Early last week, Kanye “Ye” West doubled the number of accounts he followed on Instagram. Where before he followed exactly one person (his Vultures 1 co-pilot Ty Dolla $ign), on Monday Ye added a second person to his feed: downtown fashion star Sandy Liang.

Their eagle-eyed (and chronically online) followers noticed immediately. “Kanye only following Ty dolla sign and sandy liang on ig is actually insane…….” wrote one observer on X, hinting at the bizarre convergence between the cultural lightning rod and fashion’s premier purveyor of coquettish bows and cute peter pan collar dresses. “Rare Kanye W,” added another. On the profile of Liang’s eponymous brand, Ye’s 20-million-plus followers started making noise: “Ye sent me,” “followed by kanye,” and on and on. In a week where there was no shortage of headline fashion news—courtesy of Dries Van Noten’s retirement and the Pierpaolo Piccioli and Valentino split—the whole thing was merely an inexplicable footnote.

It was, in other words, the perfect weird, low stakes thing fashion people love speculating about.

As the tweets and comments multiplied, a couple theories hit my group chats. One was that the rapper, designer, and provocateur was hinting at a forthcoming project with Liang.
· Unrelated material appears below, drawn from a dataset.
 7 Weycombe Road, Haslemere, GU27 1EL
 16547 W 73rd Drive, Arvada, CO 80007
After all, he followed Ty $ to promote their just-dropped joint album. Was Ye cooking up a fashion collab with the Chinatown native and belle of balletcore? Crazier things have happened (I think?), but for many reasons this theory struck me as totally unlikely. It did, however, get me thinking about Ye’s broader fashion comeback, which is totally happening.
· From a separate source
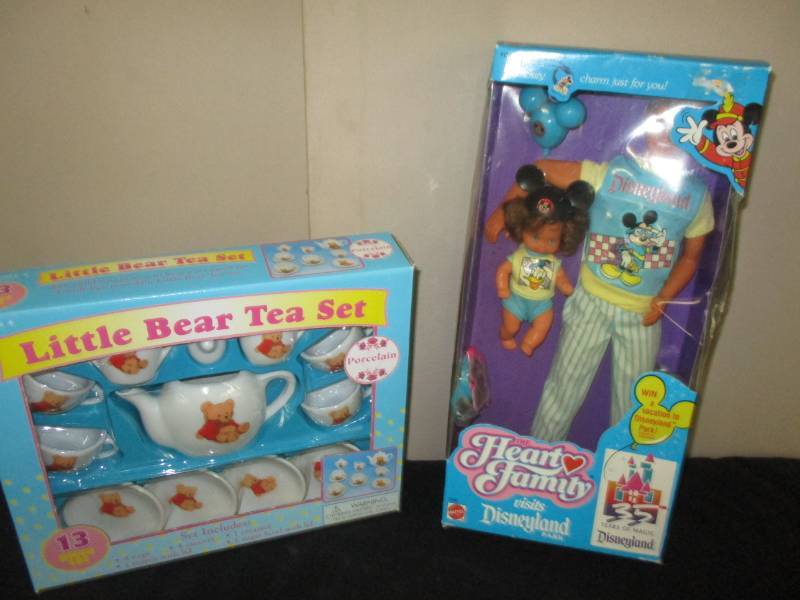 Daddy and Daughter Barbie and Teas Set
First, to state what should be obvious: Sandy Liang is not collaborating with Ye or Yeezy. But the speculation alone speaks to the impact of Ye’s redemption tour. Before his downfall in the fall of 2022, which happened slowly and then all at once following his infamous “White Lives Matter” Yeezy show and repeated antisemitic outbursts, Ye was riding higher than ever. His Yeezy partnership with Adidas was worth billions, and defined the aesthetic of contemporary footwear. He was working with Gap to realize his vision of making his designs accessible to the general public, and was collaborating with his favorite luxury house, Balenciaga. He finally had the establishment validation he’d long craved, with major commercial success to go with it.

All of those corporate partnerships were axed in 2022, and for a while his cancellation was so thorough that even Goodwill pulled Yeezy products from shelves. But owing to his sheer influence, it was always going to be more complicated to actually banish Ye from the respectable corners of the fashion world. Though his ambitions for Yeezy have always outpaced his execution—we’re still waiting for the Armani-meets-Aman Yeezy desert domes, for instance—he has arguably shaped the modern American wardrobe in his image. Go to any airport and you see luxury sweats and dusty color palettes everywhere. And his audience remains loyal. Vultures 1 topped the Billboard 200 (and six weeks on remains at No. 10), and Adidas has had no problem selling its remaining Yeezy stock.